Training - Week 4
Tuesday - 3 MILE RECOVERY JOG (10:15 - 11:00 M/M)
So a nice recovery run to start week four.
I completed the run in 30mins 42secs, which meant an overall pace of 10:14 m/m.
The three miles broke down as follows:
Mile 1 - 10:15 m/m
Mile 2 - 10:12 m/m
Mile 3 - 10:15 m/m
I spent yesterday feeling a little bit drained and achy - nothing too major as I felt perfectly ok to go for a swim but, nevertheless, more drained/achy than I have felt at any other time during the training.
I put this down to a simple accumulation of the three weeks training and increase in mileage to what I had been doing previously and just generally took it easy for the day and had fun with my son.
Today, despite over-sleeping after hitting snooze only to later discover 40 minutes later that I had not in fact hit snooze, I woke up feeling a lot more chipper and looking forward to my run. I had one of those days at work today where I just seemed to be running around like a blue-arsed fly without it actually seeming like I achieved anything much so I was pleased to pull on my kit and head out the door. One of the reasons I have always loved running is the escapism and de-stressing aspect of it.
The run went really well and I took my headphones and just chilled out for the three miles, listening to some slower-paced tunes. I don't think I once even came close to breathing heavily or feeling stretched in any way whatsoever and finished feeling like I wanted to go for a proper run!
I really have learnt, even though it has only been three weeks, to enjoy the recovery runs - as soon as I twigged that I was supposed to be running slowly for a reason and that I should stick to the slower pace, I have been noticing the benefits - I finish these runs feeling so energised and spend the evening feeling great and with a spring in my step and the same was true of the run this evening.
Nothing special to report from the run itself - I went out just after six this evening and the streets were pretty quiet so it all passed very uneventfully. It was nice to just get out for half an hour, turn the music on destress and tune out. It really took my mind off of what Ruth is going to do to me when she reads about my diet. Which was nice.

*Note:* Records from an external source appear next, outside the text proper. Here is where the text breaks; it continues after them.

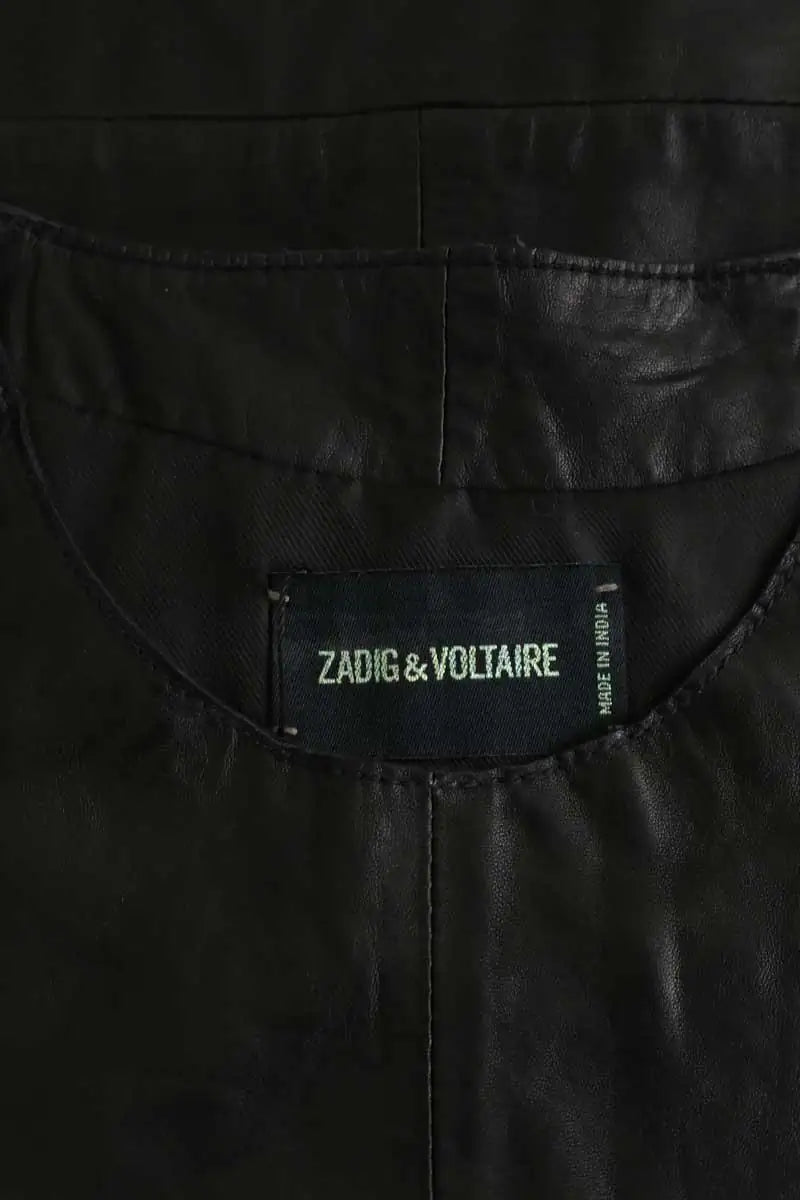 Top Zadig & Voltaire  Noir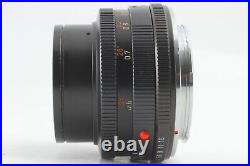 N Mint Leica Leitz Canada Summicron-R 50mm F/2 3 Cam Lens from Japan #8818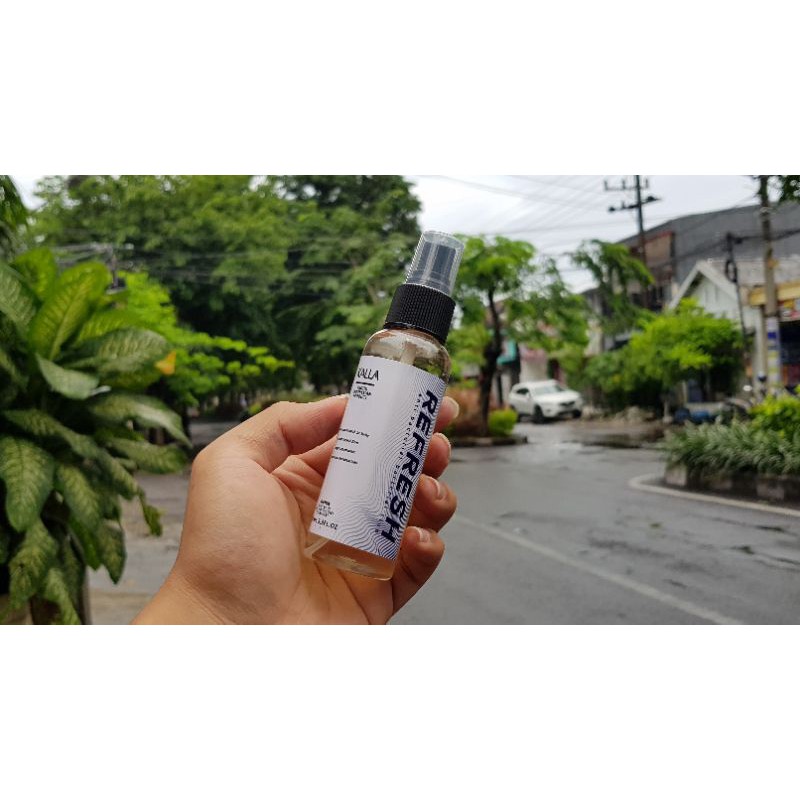 Parfum Sepatu Helm Mobil Anti Bakteri 100ml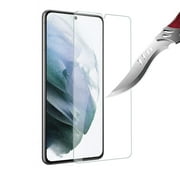 For Samsung Galaxy S22 Ultra Tempered Glass Screen Protector Premium HD Clear, Case Friendly, 9H Hardness, 3D Touch Accuracy, Anti-Bubble Film Cover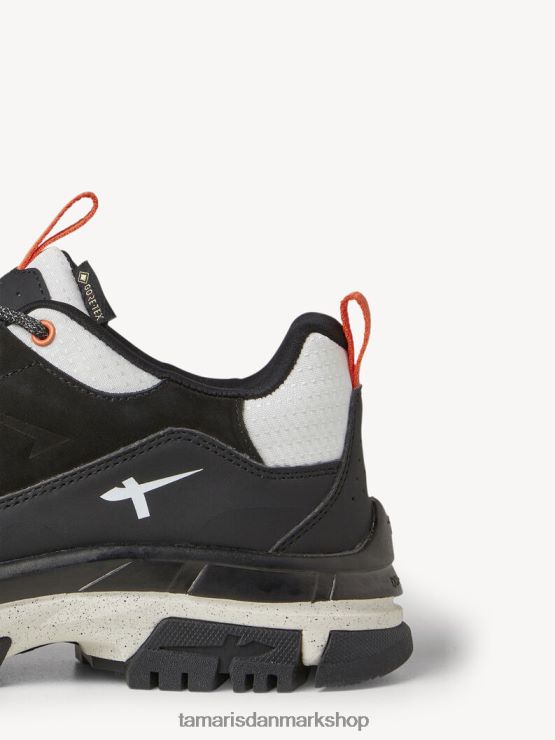 Tamaris Kvinder vandresko h-3715 gtx - sort/sort jade XVXV8T145 sko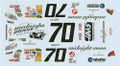 #70 Midnight Moon 2008 Johnny Sauter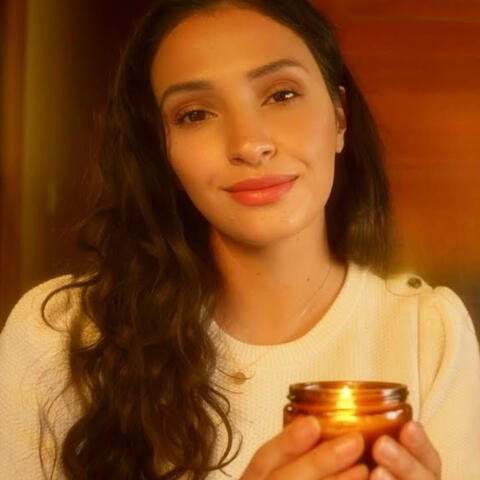 Christian ASMR - You’re Weak, but God Is Near album art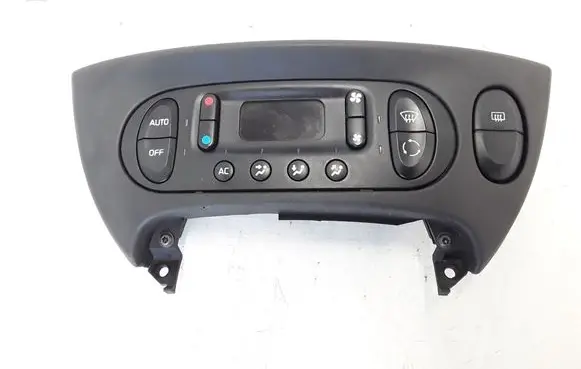 Renault Scenic I Air conditioner control unit module 7700435400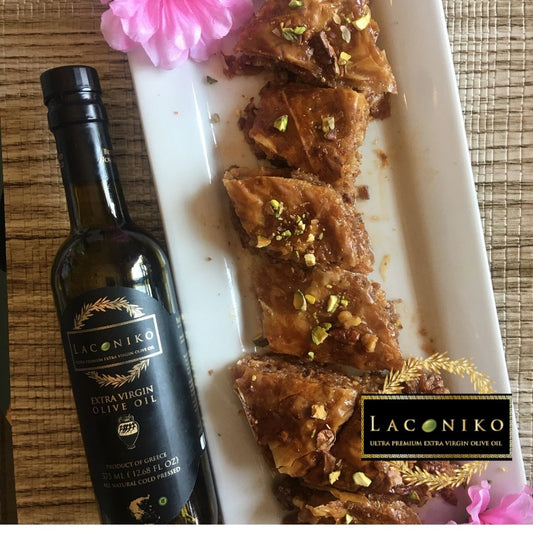 Greek Baklava
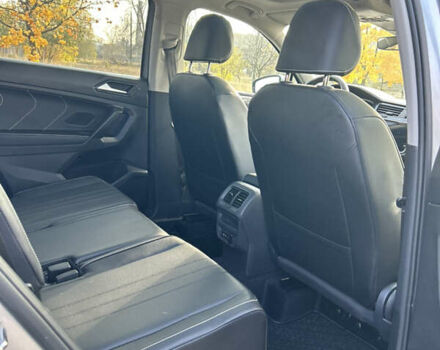 Сірий Фольксваген Тігуан, об'ємом двигуна 1.98 л та пробігом 23 тис. км за 27800 $, фото 11 на Automoto.ua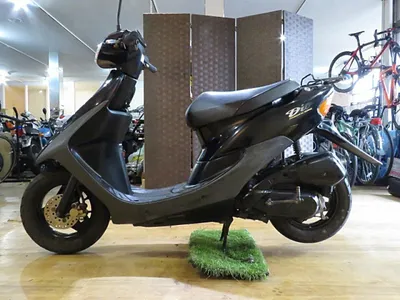 Купить Honda Dio ZX AF35 в Крыму и Севастополе по доступной цене
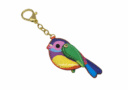 2026 WishFulfilling Bird Bag Charms Keychain (Green)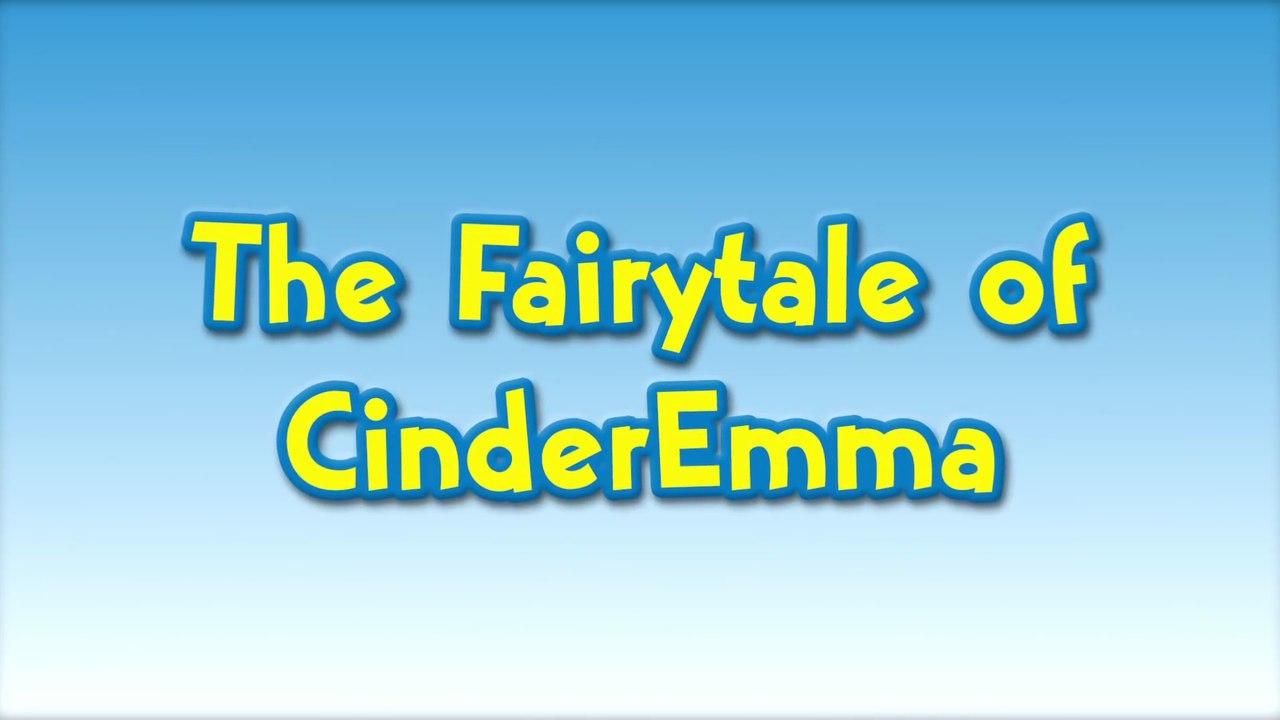 The Wiggles - The Fairytale Of CinderEmma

So the rest day seems to have worked very well, as has the recovery run... on to the next run tomorrow! I have a parkrun on Saturday, my first ever, and I feel like I'm in shape to at least worry my PB time... I'm really looking forward to it and this week really does feel like a bit of a build up to the "big race". 
Sam has had a tweak of my training plan following the feedback from the first three weeks so either Sam or myself will post the revised next four weeks soon....
Sam, one quick question for you (apologies if you've already told me this) - now we have upped the pacings and also the mileage slightly, am I still aiming for sub 4 hours? Or has the goal time changed also?